China, US vow to work together on cutting emissions at climate summit
China and the United States on Wednesday vowed to work together to accelerate climate action this decade, separately announcing a surprise pact on global warming, which is already wreaking disasters across the world.
The joint declaration came as the crunch COP26 summit in Glasgow entered its pivotal final days, with negotiators wrestling over ways to limit global warming to 1.5-2 degrees Celsius compared to preindustrial levels.
"This document contains strong statements about the alarming science, the emissions gap, and the urgent need to accelerate action to close that gap," US special envoy John Kerry told reporters.
"It commits to a series of important actions now, this decade, when it is needed."
The plan is light on concrete targets but heavy on political symbolism at a conference that began with the US and China -- the world's two biggest emitters -- seemingly at loggerheads.
Last week US President Joe Biden criticised the decision of China's President Xi Jinping not to attend the Glasgow summit, accusing China of walking away.
China hit back, but relations appear to have thawed ahead of long-awaited bilateral talks next week, with Kerry and Xie each saying they were rising above differences to work together on climate.
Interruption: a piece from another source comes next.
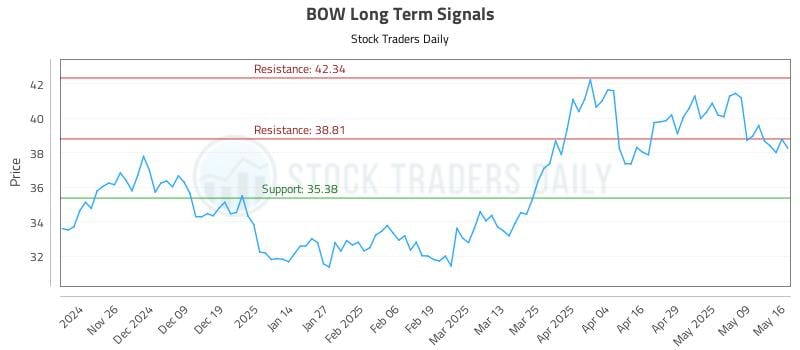 BOW Long Term Analysis for May 17 2025 BOW Long Term Analysis for May 17 2025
"Both sides recognise that there is a gap between the current effort and the Paris Agreement goals so we will jointly strengthen climate action," Beijing's longtime climate envoy Xie Zhenhua said.
'Seriousness and urgency'
A document outlining the agreement includes a focus on lowering methane emissions, which Kerry described as the "single fastest and most effective way to limit warming".
It also says the two sides will meet regularly to "address the climate crisis".
The document stresses the need to boost emissions efforts in the short term, with scientists warning that slashing emissions before 2030 is crucial for halting catastrophic warming.
The declaration said both countries "recognise the seriousness and urgency of the climate crisis", especially during the "critical decade of the 2020s".
China and US are the two largest emitters in the world, together accounting for nearly 40 percent of all carbon pollution.
The US has said it plans to be carbon neutral by 2050, while China announced it has set a net-zero target for 2060.
The 2015 Paris climate accord commits nations to work towards limiting global temperature rises to between 1.5C and 2C.
The United Nations said that all countries' carbon cutting plans combined would still see Earth warm 2.7C by 2100.
UN chief Antonio Guterres welcomed the US-China pact.
"Tackling the climate crisis requires international collaboration and solidarity, and this is an important step in the right direction," he said on Twitter.
'No excuse'
Negotiators are in Glasgow to work out how to keep the Paris Agreement degree limits in play as countries across the globe are battered by ever-fiercer floods, droughts and storms made worse by rising seas.
British Prime Minister Boris Johnson said that countries have "no excuse" for failure.
Wednesday saw the release of draft "decisions", which were the first real indication of where nations are 10 days into deeply technical discussions.
The text, which is sure to change during ministerial debates, called for nations to "revisit and strengthen" their decarbonisation plans by next year, instead of 2025 as previously agreed.
The Paris accord contains a "ratchet" mechanism requiring countries to update emissions plans every five years.
But several large emitters missed the 2020 deadline for submitting new plans, known as nationally determined contributions. Others handed in plans that were no more ambitious -- or even less so -- than their initial plans.
Vulnerable nations say that the next deadline, in 2025, is too distant to deliver essential short-term emissions cuts.
In what observers called a "significant first mention" of the fuels driving global warming, the draft summit called on countries to "accelerate the phasing out of coal and subsidies for fossil fuels".
Last week more than 100 countries -- but not China -- signed a pledge to slash methane emissions by at least 30 percent by 2030.
"The US-China declaration shows that the two countries can cooperate to address the climate crisis," said Laurence Tubiana, CEO of the European Climate Foundation and, as France's top climate negotiator at the time, a main architect of the 2015 Paris Agreement.
"Now they must cooperate on ensuring an ambitious outcome to COP26," she added. "That means putting us on track to 1.5 degrees and delivering the vital support needed to those most vulnerable."